App Lab Roundup: Spacedust, Guns and Cacti

Each week we will be taking a look at some of the upcoming videogames, demos and unique experiences available through Oculus App Lab for the Meta Quest headsets. Many of these videogames come in varying states of completion, so each title is subject to change.

This week we’re crossing the cosmos, blasting hundreds of bullets and playing at cacti in wartime.

Star Stuff: A Way for the Universe to Know Itself

Yes, I know, the title is quite a mouthful. Now, I’ve played a lot of meditative titles on the Quest recently. The ability to transcend our reality to find a crumb of serotonin is appealing to most, but aside from TRIPP’s Quest app, many of the so-called ‘calming’ experiences do little more than place you in a static environment and pipe in some free YouTube soothing music.

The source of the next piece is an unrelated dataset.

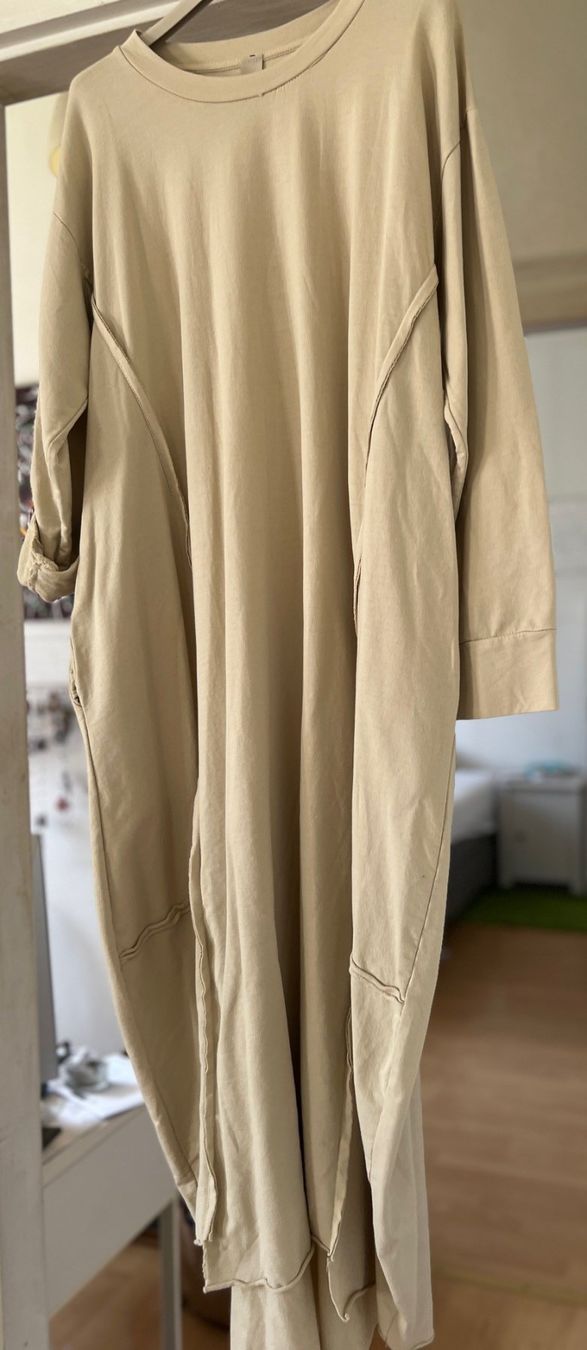 Robes: OVERSIZE SWEAT-ROBE!! M – Neuf avec emballage d'origine à Locarno par NicoNion 1
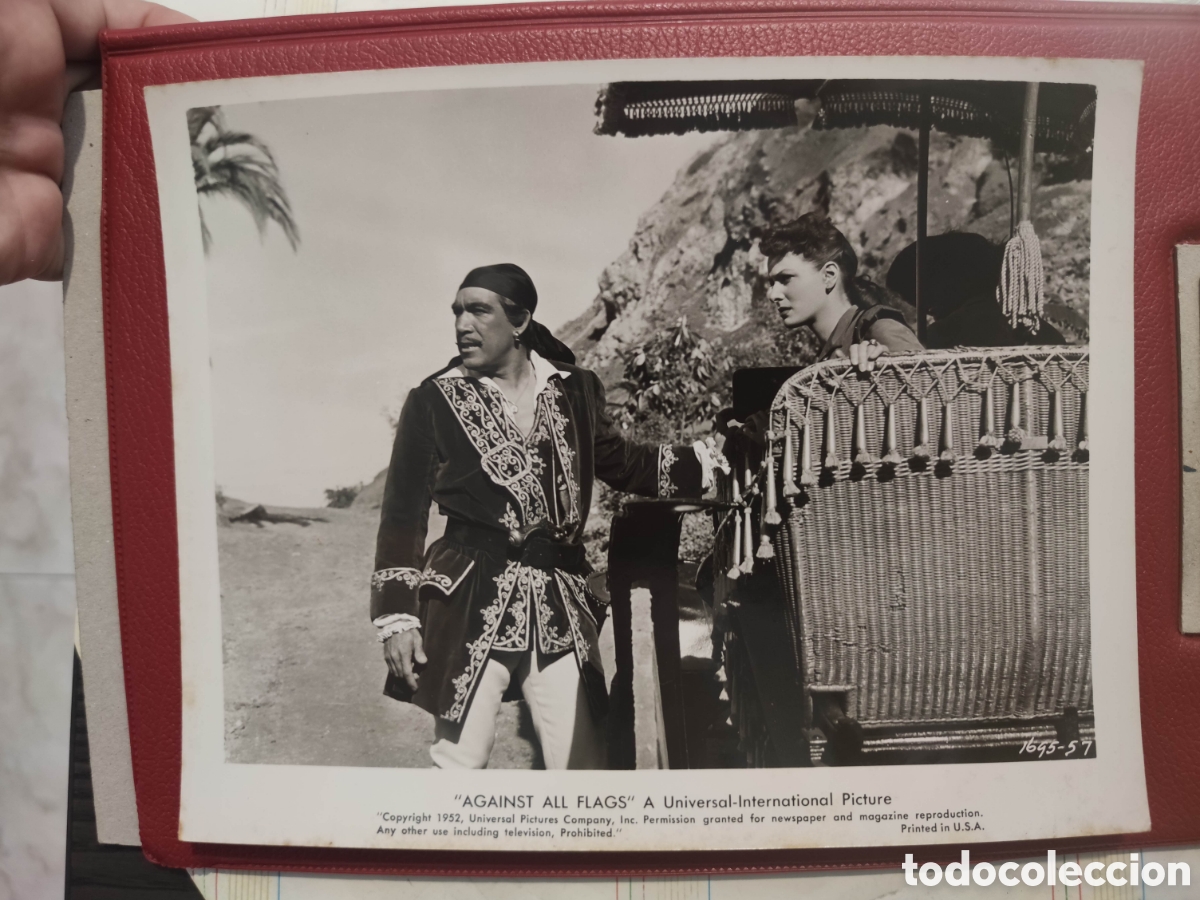 Kino: Foto - Against All Flags - La isla de los corsarios - Anthony Quinn - Original de distribuidora -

Star Stuff opens with a quote from Carl Sagan, focusing on our place in the universe. Now, I don’t know about you, but when I think of my place in the grand scheme of things, I feel pretty insignificant. All of this wonderful and mysterious energy pulsing around us can have a calming effect, however. Precisely because it’s all so much bigger than us. So when Star Stuff plonked me into a starfield from the Milky Way and began to play soulful music, I actually felt calmer.

Then I realised what the app actually wants you to do. Because I was sitting down, I didn’t realise it at first, but hundreds of stars, moons, and small planets, were leaking from where my body was positioned. I ran my hand through the particles, watched as they flew out and away from me, drifted and danced. Before I knew it, ten minutes had passed and I was waving my arms like a born again spiritualist. Did I feel more at peace? I actually did. Will I ‘play’ it again? Maybe, I’ll definitely recommend that people take a few minutes and experience it.

GUNSdemo

As with the previous entry in this roundup, there are lots of games and apps which achieve what’s done here; in this instance, allow you to shoot a variety of weapons. Now, there’s not a great amount of guns here; some pistols, a shotgun and an assault rifle, but gosh, the animations and models are just fantastic.

I think what GUNSdemo did, which made me take notice, is make everything feel like it has weight and heft. The Assault Rifle feels large and slightly cumbersome, it kicks back with every bullet fired, the sharp metallic sound of dropping and reloading a magazine feels slick. The pistols have a great animation when using the off-hand to pull back the slide before firing, similarly to the shotgun which reloads by pulling back the slide as an empty shell flies out.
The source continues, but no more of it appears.